Up to and including the final line, retype each line of the records below, starting with the one that contains "Mercedes-Benz Maybach S-Class".

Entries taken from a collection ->
----

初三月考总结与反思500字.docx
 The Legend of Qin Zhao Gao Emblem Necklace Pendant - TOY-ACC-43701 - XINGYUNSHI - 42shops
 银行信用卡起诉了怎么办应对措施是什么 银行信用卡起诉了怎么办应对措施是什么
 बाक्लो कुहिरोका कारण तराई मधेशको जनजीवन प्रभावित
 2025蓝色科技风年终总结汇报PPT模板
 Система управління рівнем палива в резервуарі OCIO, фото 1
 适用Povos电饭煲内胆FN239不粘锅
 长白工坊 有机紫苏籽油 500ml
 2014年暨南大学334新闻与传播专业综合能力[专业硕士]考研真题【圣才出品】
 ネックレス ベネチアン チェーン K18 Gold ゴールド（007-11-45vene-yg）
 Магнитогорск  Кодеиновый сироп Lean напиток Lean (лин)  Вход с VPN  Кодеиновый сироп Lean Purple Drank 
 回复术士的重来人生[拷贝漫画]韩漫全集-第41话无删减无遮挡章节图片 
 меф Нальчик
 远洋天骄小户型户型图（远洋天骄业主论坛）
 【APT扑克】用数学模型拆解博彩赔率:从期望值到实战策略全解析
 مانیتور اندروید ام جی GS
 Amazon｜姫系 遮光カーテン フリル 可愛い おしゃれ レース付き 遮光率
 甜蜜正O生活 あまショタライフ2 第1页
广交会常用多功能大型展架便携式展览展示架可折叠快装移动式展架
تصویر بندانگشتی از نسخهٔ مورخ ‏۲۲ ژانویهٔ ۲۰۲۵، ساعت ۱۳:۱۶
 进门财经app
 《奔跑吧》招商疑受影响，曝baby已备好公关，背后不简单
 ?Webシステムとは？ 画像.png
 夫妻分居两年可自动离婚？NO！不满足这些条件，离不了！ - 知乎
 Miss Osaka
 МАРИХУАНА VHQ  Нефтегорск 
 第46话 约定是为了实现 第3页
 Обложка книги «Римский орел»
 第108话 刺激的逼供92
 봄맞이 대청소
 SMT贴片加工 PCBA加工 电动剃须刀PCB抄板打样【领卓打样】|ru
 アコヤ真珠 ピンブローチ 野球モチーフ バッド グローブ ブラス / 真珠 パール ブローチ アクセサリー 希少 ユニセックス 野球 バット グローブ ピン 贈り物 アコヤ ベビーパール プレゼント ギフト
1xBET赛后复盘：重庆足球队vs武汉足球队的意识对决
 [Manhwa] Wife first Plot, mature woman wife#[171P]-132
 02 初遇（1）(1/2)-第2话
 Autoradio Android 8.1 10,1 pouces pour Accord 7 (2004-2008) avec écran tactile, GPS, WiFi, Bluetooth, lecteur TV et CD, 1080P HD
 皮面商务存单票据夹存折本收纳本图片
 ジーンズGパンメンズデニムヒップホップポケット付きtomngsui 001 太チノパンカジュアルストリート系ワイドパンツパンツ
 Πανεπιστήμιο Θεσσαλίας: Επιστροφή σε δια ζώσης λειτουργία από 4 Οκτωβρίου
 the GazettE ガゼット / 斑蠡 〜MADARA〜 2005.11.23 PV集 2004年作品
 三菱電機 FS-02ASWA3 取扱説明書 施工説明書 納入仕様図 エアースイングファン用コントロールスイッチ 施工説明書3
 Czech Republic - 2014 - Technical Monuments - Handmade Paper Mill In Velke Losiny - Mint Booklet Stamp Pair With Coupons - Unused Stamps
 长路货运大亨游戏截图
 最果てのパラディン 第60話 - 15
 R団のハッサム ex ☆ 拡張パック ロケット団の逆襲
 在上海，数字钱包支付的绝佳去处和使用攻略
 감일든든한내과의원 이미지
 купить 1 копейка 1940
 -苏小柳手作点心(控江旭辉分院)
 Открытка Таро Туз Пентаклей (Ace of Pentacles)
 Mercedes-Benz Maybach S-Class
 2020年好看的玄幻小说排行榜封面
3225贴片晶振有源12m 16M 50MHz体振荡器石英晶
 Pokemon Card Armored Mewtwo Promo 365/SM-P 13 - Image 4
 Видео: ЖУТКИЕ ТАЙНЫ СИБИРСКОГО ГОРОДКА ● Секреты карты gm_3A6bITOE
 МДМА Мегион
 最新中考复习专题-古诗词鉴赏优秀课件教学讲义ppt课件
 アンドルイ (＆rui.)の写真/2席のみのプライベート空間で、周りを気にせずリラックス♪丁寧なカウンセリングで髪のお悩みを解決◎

----

Written solution ->
 Mercedes-Benz Maybach S-Class
 2020年好看的玄幻小说排行榜封面
3225贴片晶振有源12m 16M 50MHz体振荡器石英晶
 Pokemon Card Armored Mewtwo Promo 365/SM-P 13 - Image 4
 Видео: ЖУТКИЕ ТАЙНЫ СИБИРСКОГО ГОРОДКА ● Секреты карты gm_3A6bITOE
 МДМА Мегион
 最新中考复习专题-古诗词鉴赏优秀课件教学讲义ppt课件
 アンドルイ (＆rui.)の写真/2席のみのプライベート空間で、周りを気にせずリラックス♪丁寧なカウンセリングで髪のお悩みを解決◎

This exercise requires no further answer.